Gonçalo Sena: The Pavilion and the Column / Two models of architectural and sculptural production

Mentor: Doreen Mende

Independent reviewer: Rodney LaTourelle

Arnhem, June 2011

Abstract

In creating a conceptual conjuncture between two model typologies – the pavilion and the column – this paper is an attempt to reflect on the question of agency provided by objects, as a mode, a way for space to become. The focus goes towards an idea of disciplinary dissolution of architecture and sculpture, not in resuming them as one, but rather in exploring the valencies and faculties of each, both produced as one same gesture. I find a theoretical account for this, by questioning the structure of Rosalind Krauss' Expanded Field diagram, namely its concept of "axiomatic structure", which alludes to a hybrid categorization derived from works that strangely provoke what we perceive as an architectural experience, and that I elaborate by reflecting on one of Dan Graham's pavilions. My claim is that this concept, in defining what operates between architecture and not-architecture, can eventually stand on its own, becoming expanded and complex, as a reflection of contemporary sculptural practices. To further develop this idea, I go through one of Manfred Pernice's public space interventions, the Denkmal- u. Freizeitanlage Y.E.S. (Ü), speculating the typologies of the pavilion and the column that the work imbeds, leading to a paradox of place and displace,  through a dialectical process together with the notion of production. How to produce place in space?
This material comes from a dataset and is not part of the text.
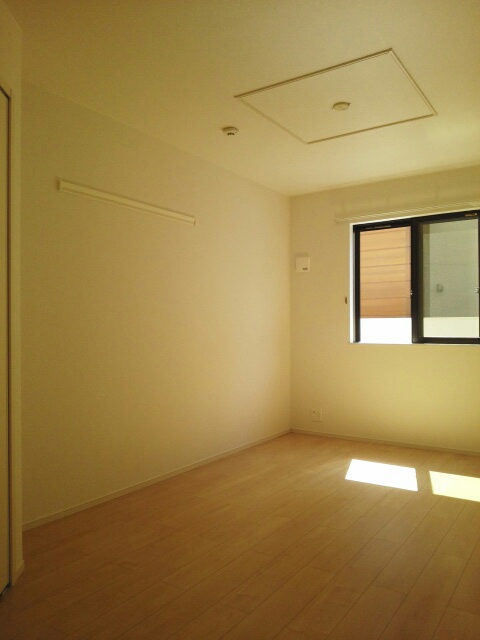 4/24 室内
How does typology help in unfolding the projection of an object?
As well as in my own practice, and largely through modes of creating a close relation with architecture, I'm interested in exploring the possibilities and frustrations that objects permit, in understanding where things come from, and ultimately, what they allow to become. The pavilion and the column are conceptual models that serve a proposal to deconstruct these premises, leaving open the possibility of a relative autonomy of things, as a mode of fragile relation between object and human, where monument can become modesty. The suggestion of a relative autonomy is not focused in the object per se, as a purely autonomous significance in itself, but instead, as a possibility for it to function as a strategic tool of power, to activate and be activated, to perform and be performed – objects as potential standing events. After going through these suggestions, I finish with the supposition that the conception and production of 'object as a model' may allow to disrupt space differently, producing place; like with the analogous enactment between the metaphoric openness of the pavilion and the opaqueness of the column, it suggests more the means than the ends.